The greatest fault of all in a man who seeks to govern is weakness, especially in times of factional strife.  Men…who as ordinary individuals might very well be considered intelligent and worthy, are quite unfitted to govern any state.  Their half measures are fatal.  They are so keen to be conciliatory that they approach any challenge sideways on, so to speak, and land themselves inevitably in confusion and catastrophe.  Conciliatoriness in a statesman ought to be confined to the way he conduct his business; I mean he should treat the people he employs with respect and should know how to take advantage of the enthusiasms and even the faults of those with whom he works.  But when it comes to his principles and his actions they should be rigorous, ruthless and swift.

With regard to the habits of the mob, she noted the following truth, something with which Ibn Munir would have agreed:

The animals in the fable habitually tremble before the lion of the forest, but when he is sick they creep up one after the other to insult him.  Just so, when a man of virtue has been laid by the heels or his reputation undermined by his enemies, a rout of second-rate people, fired by ignorance and malice, will turn upon him.

She was wise in the ways that men and women differed, and made no attempt to berate Nature for the ways it assured the continuity of the species:

As soon as a girl reaches adolescence, a crowd of pretenders follow her about like bees around a newly opened flower…They presented themselves in large numbers, and since it was not too easy to gain access to our apartment, most of them wrote to my parents.  My father always showed me their letters.  Quite independently of what the writer said about his state and fortune, I was influenced in the first place by the way he expressed himself…Reason and nature conspire so effectively to persuade a wise, modest young woman that she must get married that the only point left for deliberation is who should it be…

With regard to those who like to waste time, she said:

One always has leisure if one is busy; it is the idle people who have no time for anything.  Women who constantly exchange useless visits with one another and who think themselves ill-dressed unless they have spent hours in front of the mirror naturally find their days boringly long and too short for their duties.  On the other hand I have also seen so-called good housewives who are quite unbearable in company, and even to their husbands, because of their preoccupation with domestic trifles.  I know of nothing more tiresome than this or better calculated to make a man look elsewhere for his pleasures.

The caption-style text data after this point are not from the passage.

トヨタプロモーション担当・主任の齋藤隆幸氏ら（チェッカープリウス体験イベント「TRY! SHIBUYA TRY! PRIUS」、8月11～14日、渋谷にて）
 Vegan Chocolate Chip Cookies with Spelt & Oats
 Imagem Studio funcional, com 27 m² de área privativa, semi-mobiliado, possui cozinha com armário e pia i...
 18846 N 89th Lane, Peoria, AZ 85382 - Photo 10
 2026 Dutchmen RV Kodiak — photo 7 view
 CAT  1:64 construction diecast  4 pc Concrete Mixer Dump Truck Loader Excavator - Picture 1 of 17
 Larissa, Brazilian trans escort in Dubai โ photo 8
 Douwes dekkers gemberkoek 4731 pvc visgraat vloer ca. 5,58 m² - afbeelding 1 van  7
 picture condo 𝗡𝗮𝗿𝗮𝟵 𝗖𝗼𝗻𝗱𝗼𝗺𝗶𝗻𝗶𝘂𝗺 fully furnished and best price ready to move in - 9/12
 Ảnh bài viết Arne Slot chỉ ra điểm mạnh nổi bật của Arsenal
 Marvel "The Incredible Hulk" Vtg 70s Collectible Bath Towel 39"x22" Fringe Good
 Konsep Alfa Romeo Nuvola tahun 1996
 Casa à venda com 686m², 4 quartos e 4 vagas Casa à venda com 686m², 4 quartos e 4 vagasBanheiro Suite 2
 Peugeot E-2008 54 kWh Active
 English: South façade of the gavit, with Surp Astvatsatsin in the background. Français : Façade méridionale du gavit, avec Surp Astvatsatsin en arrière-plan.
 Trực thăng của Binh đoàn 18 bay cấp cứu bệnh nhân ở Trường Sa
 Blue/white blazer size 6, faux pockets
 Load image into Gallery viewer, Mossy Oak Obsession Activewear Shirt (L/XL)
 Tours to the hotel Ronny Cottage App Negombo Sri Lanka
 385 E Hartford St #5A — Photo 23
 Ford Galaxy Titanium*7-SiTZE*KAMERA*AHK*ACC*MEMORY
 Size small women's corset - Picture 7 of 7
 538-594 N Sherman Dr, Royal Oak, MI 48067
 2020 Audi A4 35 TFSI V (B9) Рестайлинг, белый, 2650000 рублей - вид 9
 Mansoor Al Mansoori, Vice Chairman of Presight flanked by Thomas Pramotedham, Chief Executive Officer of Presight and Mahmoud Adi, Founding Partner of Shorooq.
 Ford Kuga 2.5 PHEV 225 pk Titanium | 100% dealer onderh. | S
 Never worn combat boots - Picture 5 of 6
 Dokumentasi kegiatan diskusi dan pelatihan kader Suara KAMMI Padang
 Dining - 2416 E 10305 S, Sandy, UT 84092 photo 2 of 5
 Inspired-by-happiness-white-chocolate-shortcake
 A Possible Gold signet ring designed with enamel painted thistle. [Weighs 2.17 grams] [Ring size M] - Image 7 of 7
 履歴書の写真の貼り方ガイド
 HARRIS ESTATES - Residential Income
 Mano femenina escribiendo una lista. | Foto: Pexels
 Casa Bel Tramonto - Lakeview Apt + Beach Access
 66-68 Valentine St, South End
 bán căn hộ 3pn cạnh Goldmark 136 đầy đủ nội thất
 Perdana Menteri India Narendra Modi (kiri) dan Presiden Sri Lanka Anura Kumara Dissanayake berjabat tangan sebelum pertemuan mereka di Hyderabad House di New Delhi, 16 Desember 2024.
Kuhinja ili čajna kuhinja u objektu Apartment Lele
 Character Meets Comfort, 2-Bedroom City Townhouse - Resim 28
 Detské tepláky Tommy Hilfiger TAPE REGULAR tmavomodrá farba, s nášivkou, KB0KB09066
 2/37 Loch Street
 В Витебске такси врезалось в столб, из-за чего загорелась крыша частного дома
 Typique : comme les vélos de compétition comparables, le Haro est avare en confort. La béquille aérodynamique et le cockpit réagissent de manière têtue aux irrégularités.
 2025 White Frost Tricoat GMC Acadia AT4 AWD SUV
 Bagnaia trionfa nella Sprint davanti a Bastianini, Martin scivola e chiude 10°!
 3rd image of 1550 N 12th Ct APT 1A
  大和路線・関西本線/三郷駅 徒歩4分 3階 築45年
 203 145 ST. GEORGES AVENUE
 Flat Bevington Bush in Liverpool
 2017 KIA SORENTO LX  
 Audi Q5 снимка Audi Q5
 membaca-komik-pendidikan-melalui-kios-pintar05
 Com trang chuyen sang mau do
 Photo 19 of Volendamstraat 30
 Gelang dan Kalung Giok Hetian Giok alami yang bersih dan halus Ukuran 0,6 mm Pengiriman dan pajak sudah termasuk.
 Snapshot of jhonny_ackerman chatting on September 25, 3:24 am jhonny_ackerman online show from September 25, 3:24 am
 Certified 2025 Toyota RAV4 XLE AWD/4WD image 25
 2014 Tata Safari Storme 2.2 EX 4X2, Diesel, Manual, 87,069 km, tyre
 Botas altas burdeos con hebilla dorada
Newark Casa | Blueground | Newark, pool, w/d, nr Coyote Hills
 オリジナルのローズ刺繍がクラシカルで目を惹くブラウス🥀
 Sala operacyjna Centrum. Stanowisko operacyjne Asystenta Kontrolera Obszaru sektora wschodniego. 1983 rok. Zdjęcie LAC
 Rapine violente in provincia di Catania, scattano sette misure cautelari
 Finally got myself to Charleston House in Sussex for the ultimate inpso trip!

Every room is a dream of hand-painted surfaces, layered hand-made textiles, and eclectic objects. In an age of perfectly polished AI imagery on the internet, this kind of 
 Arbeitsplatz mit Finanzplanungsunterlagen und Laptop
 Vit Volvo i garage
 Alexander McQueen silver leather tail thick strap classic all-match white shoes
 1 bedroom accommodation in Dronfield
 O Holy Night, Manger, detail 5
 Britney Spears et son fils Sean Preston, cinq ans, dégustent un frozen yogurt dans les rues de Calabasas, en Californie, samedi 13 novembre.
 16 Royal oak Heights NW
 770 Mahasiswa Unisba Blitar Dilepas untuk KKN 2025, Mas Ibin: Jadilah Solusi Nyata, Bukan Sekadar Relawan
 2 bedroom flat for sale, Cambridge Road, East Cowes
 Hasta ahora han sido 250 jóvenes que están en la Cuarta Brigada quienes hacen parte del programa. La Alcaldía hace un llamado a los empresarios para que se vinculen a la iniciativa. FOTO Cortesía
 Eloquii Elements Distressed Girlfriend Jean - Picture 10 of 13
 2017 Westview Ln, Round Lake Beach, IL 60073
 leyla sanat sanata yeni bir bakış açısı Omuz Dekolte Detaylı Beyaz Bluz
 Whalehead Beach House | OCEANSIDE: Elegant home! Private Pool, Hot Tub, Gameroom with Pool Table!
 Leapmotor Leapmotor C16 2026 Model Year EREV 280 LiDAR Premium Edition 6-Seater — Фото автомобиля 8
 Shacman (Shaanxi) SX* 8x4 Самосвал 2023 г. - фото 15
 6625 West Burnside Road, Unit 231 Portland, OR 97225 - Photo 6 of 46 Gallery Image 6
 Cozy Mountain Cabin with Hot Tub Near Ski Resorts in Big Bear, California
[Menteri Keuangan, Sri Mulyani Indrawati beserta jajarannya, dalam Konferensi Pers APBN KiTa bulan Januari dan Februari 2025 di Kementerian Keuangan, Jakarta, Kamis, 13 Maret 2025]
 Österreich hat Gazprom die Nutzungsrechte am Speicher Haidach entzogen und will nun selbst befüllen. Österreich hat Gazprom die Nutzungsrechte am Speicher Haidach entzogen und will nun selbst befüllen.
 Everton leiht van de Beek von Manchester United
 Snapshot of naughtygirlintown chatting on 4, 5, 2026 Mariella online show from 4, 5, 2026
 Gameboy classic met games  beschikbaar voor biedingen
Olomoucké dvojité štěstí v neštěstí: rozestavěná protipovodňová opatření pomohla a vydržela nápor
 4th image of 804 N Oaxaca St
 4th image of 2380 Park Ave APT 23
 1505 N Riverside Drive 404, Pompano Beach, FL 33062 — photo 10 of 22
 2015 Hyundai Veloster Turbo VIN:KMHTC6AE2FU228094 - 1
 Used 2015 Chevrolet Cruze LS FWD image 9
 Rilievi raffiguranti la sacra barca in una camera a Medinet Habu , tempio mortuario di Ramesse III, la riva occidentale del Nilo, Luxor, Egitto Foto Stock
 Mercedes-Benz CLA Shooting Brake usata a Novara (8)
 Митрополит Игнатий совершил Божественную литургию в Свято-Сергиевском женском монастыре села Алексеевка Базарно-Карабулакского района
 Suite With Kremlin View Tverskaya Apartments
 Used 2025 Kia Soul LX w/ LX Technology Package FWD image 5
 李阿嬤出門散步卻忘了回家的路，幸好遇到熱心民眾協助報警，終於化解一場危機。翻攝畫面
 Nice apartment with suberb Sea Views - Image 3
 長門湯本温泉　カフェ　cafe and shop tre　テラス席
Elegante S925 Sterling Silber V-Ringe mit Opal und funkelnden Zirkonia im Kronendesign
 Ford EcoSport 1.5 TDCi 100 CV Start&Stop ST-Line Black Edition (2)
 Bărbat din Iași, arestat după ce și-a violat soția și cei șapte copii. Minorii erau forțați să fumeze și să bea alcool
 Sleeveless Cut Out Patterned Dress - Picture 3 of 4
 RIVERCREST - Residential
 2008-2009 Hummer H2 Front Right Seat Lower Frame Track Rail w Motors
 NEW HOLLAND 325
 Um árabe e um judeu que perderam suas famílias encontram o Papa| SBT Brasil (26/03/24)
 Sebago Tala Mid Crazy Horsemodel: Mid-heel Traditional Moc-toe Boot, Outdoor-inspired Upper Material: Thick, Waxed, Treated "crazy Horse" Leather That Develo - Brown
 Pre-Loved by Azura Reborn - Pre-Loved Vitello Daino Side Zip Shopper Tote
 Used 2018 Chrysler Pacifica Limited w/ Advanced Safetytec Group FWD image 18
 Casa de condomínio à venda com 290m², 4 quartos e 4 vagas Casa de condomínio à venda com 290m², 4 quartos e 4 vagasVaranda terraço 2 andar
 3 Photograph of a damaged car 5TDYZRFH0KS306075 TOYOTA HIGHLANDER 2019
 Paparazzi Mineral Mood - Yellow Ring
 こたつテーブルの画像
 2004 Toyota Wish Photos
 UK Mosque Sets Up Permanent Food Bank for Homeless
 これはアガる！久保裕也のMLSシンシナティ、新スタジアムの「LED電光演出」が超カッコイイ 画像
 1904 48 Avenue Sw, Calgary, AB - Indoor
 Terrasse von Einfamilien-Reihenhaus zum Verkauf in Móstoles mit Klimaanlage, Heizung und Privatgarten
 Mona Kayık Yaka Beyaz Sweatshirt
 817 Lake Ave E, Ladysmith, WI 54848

These quotes, and many others like them, show Madame Roland to be an energetic and idealistic personality, a mixture of both traditional and forward-thinking sentiments, a woman tragically caught up in the irrational furor of her times.  Her final words to the world are unforgettable in their poignancy and pathos:

Farewell my child, my husband, my maid, my friends!  Farewell glorious sun that ever filled my heart with contentment as it filled the skies with light…Farewell my peaceful study, where I ever strove after truth and beauty and learned to control my senses and to despise vanity.  Farewell, dear —-; no, I am no saying farewell to you.

Leaving this world brings me nearer to you.

Soon after these words were written, she was led to the scaffold and beheaded.  She was only thirty-nine years old.